A 64-Year-Old Man with Elevated PSA Levels - Episode 9

Recommended Management of the Profiled Patient

An expert urologic oncologist revisits a patient profile and discusses how he would have approached the patient’s prostate cancer screening process.

Patient Case: A 64-Year-Old Man with Elevated PSA Levels

  • A 64-year-old-man underwent PSA testing during his annual physical with his primary care physician; PSA was 5.6 ng/mL and PSA density was 0.16.
  • He then saw a urologist, who ordered a multiparametric MRI; result was PI-RADS 4.
  • The patient was reluctant to undergo a prostate fusion biopsy, therefore the patient’s urologist recommended that he undergo exosome-based molecular testing to help determine risk of prostate cancer; his test score was 16.3.
  • The patient and urologist remained concerned about his PI-RADS 4 MRI score. The urologist also noted that the PSA density of 0.16 was slightly above the threshold of 0.1.
  • The patient elected to undergo TRUS-guided biopsy, which was negative for prostate cancer.

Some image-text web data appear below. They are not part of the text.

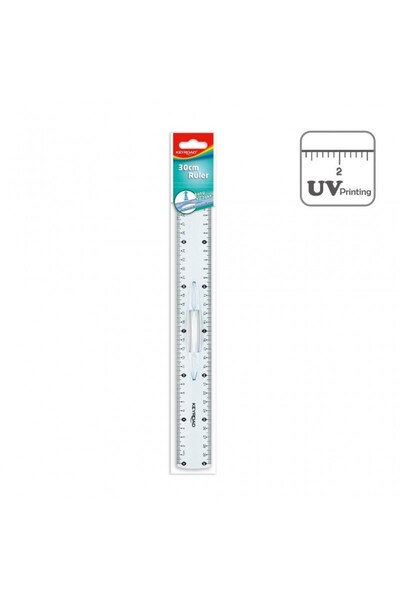 MC Micostore Rigla KR971059, 30cm, plastic, transparent, cu maner, blister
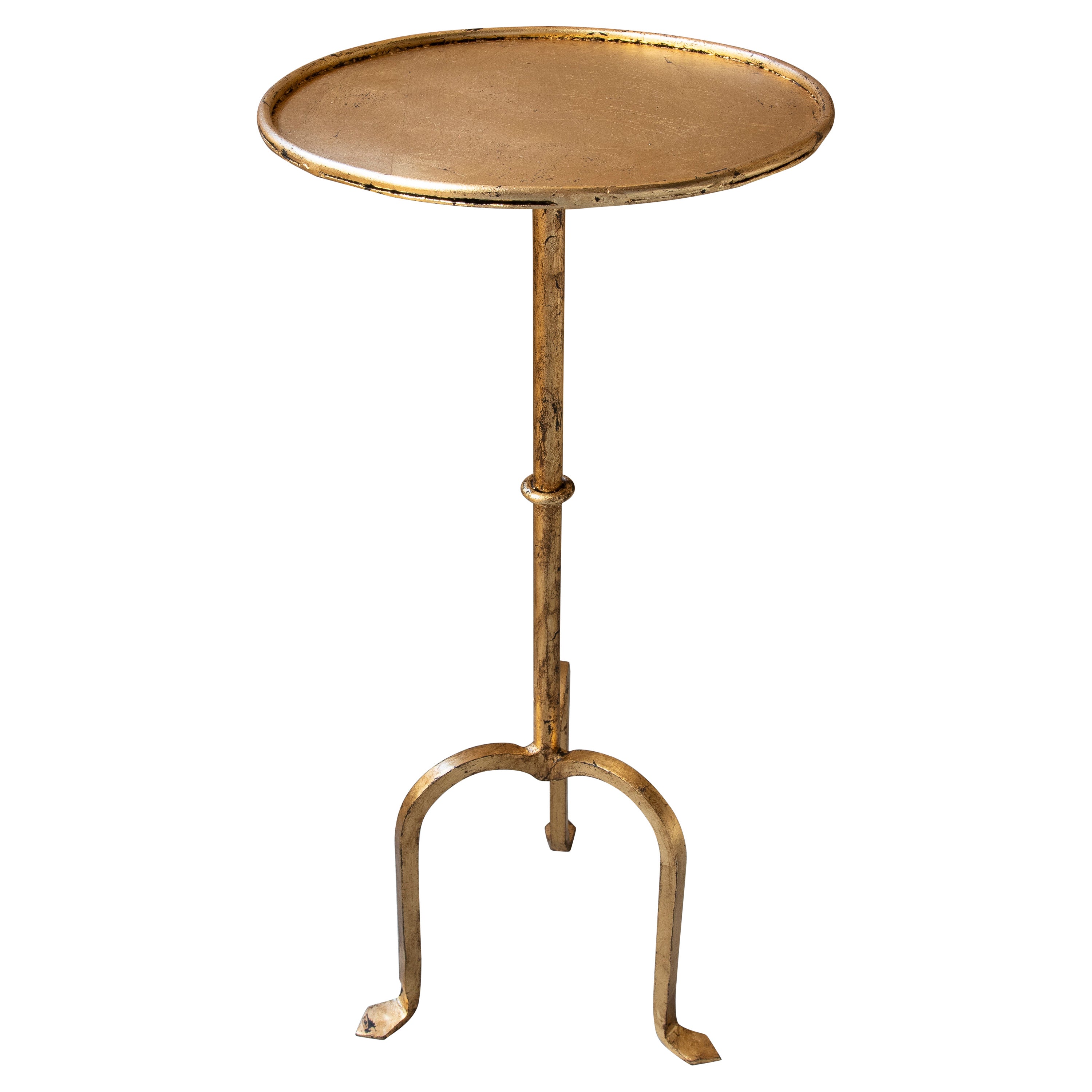 Round Gilded Iron Side Table with Stand  For Sale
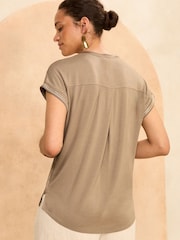 Love & Roses Brown Satin Front Embellished Trim V Neck T-Shirt - Image 3 of 4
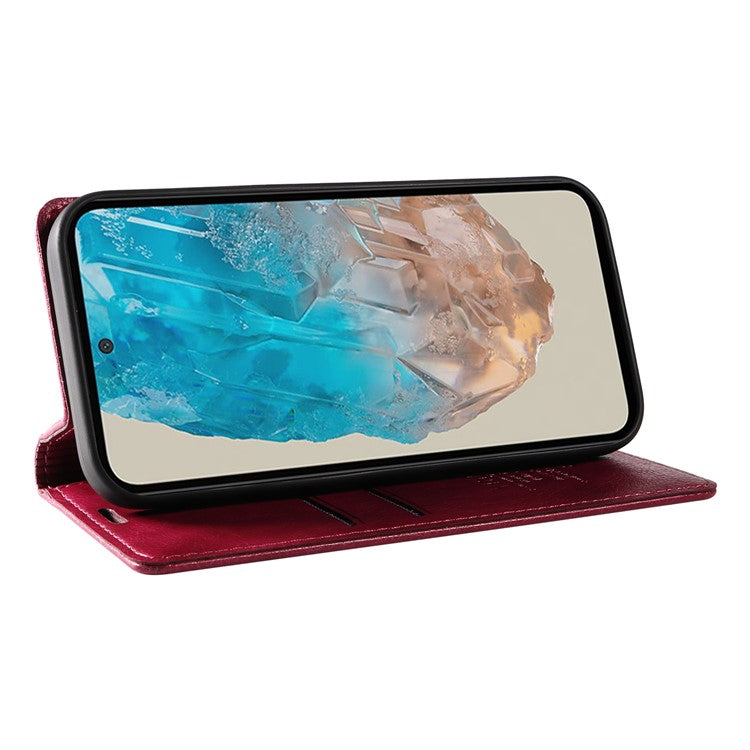 YIKATU YK-006 For Samsung Galaxy M35 5G Case Litchi Grain Leather Wallet Phone Cover - Wine Red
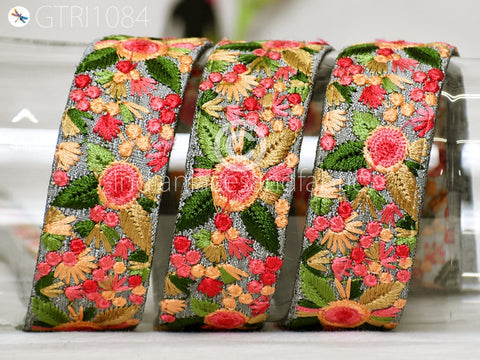 9 Yard Embroidered Fabric 4cm Trim Embellishment Saree Ribbon Sewing Embroidery Cushions DIY Crafting Sari Border Indian Wedding Dress Trim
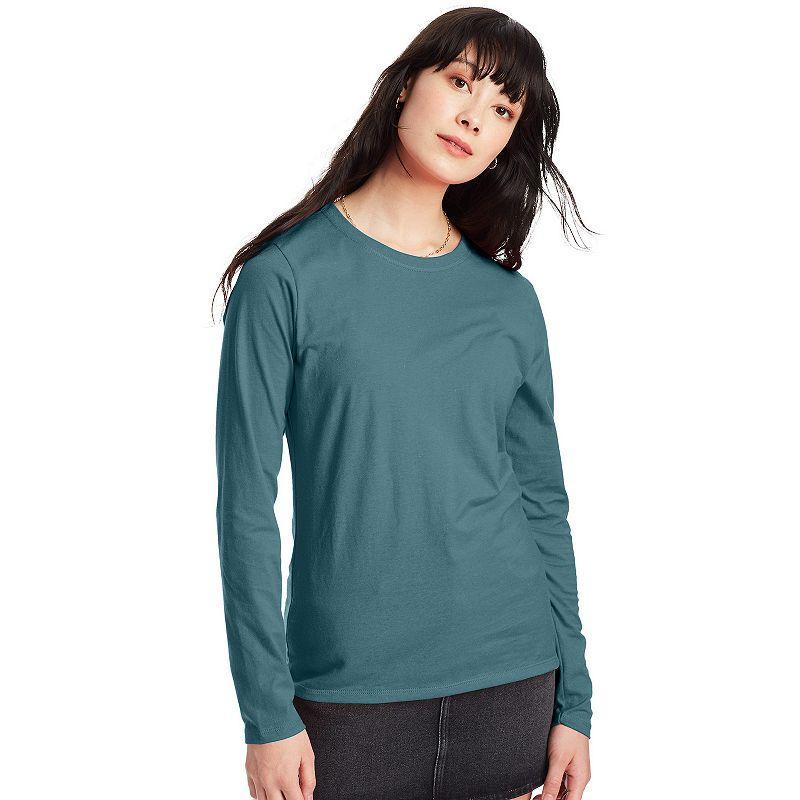 Women's Hanes® Originals Long Sleeve Crewneck Tee, Size: XXL, Pink Swish Product Image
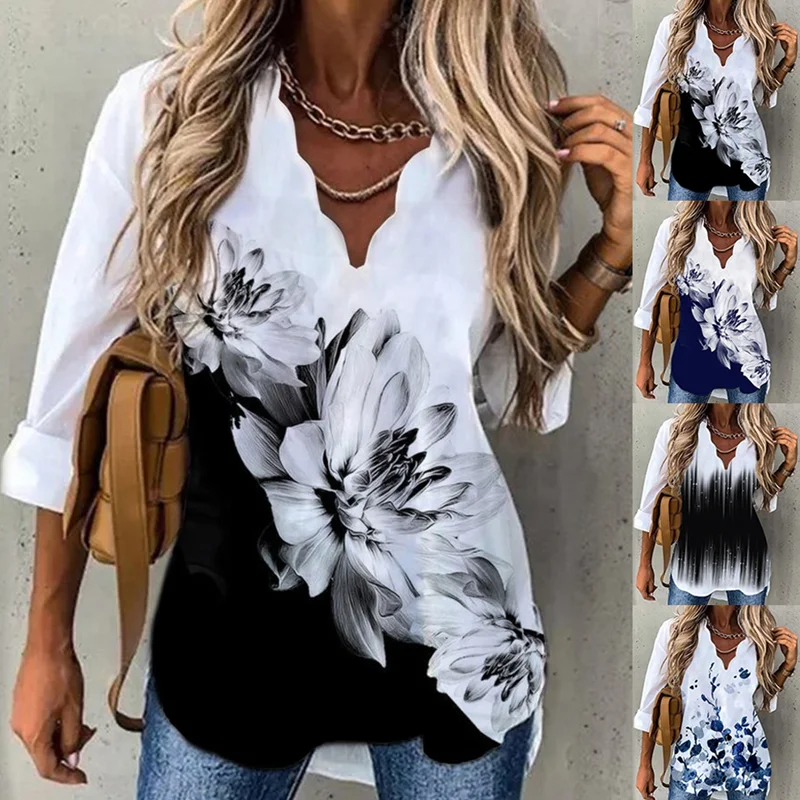 

2022 Spring And Autumn New Women's Fashion Sexy Wave V-Neck Shirt Casual Plus Size Printing Long-Sleeved Loose Top S-5XL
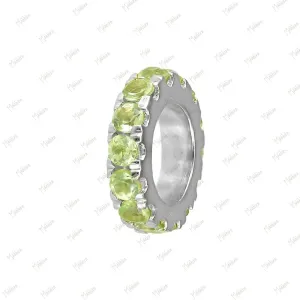 14k Gold Rondelle Peridot 8mm Roundel Bead (4.7mm inside opening)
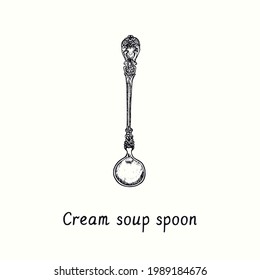 Cream soup spoon with retro style decor. Ink black and white drawing woodcut vintage style illustration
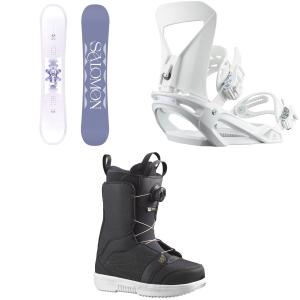 Salomon Women's Salomon Lotus Snowboard 2026 - 146 Package (146 cm) + S Womens in White size 146/S - $746.86 at evo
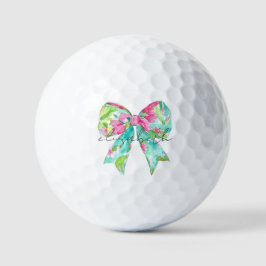 Preppy roze en groene boog gepersonaliseerd golfballen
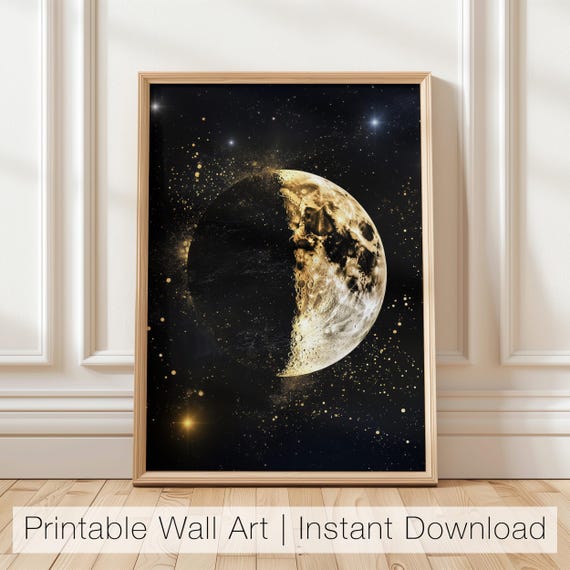 Gold Moon Wall Art Celestial Moon Phase Printable Lunar Decor Cosmic Space Art Print Astrology Poster
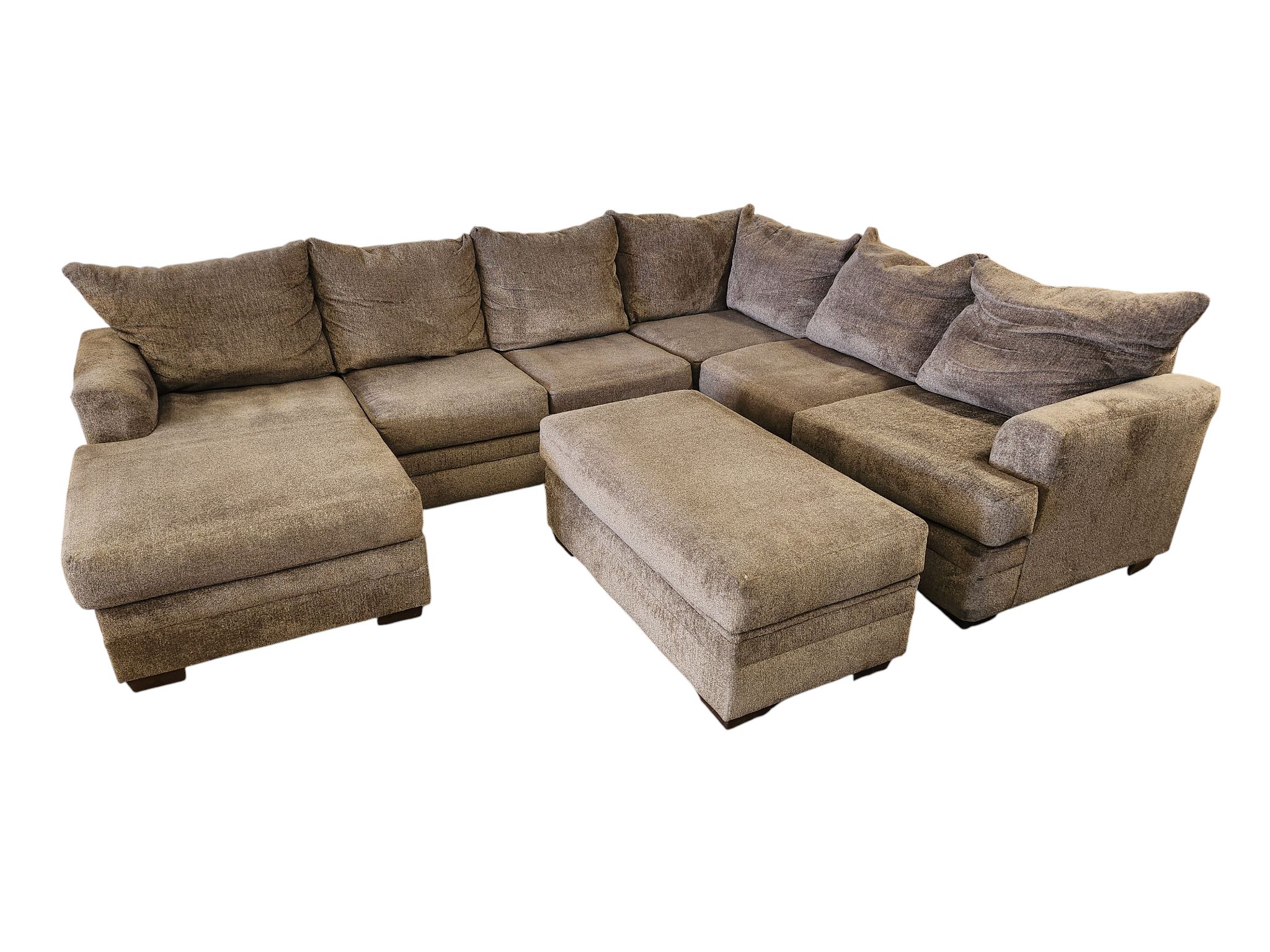 Gray U-Shaped Sectional with Storage Ottoman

Judd W. Moul, MD, FACS: It’s interesting, this particular patient, he did have a borderline exosomal test. And so, in general, I probably would’ve reassured him and probably would’ve not recommended a biopsy in that particular case. However, again, by the letter of the law, and if you follow the guidelines of the test the way it’s been published and the way it’s marketed, he did have an abnormal exosome test and did go on to receive a biopsy. In this case, he had a negative prostate biopsy.

His other numbers were very borderline. What I would do in practice is recommend I see him back for a repeat examination in 12 months. Now, that repeat examination would include a digital rectal exam and a repeat PSA [prostate-specific antigen test]. In my practice, I would honestly probably do a Prostate Health Index test instead of a repeat PSA because that Prostate Health Index would give me a total PSA, it would give me a free PSA, and it would give me a Prostate Health Index score. That’s solely because, at my institution, we do the Prostate Health Index blood test in house. It’s just as easy for me to get that test as a total PSA. However, if a practice doesn’t have access to that, then I think it would be very reasonable for this particular patient to simply have him come back in 12 months for a digital rectal exam and a total PSA.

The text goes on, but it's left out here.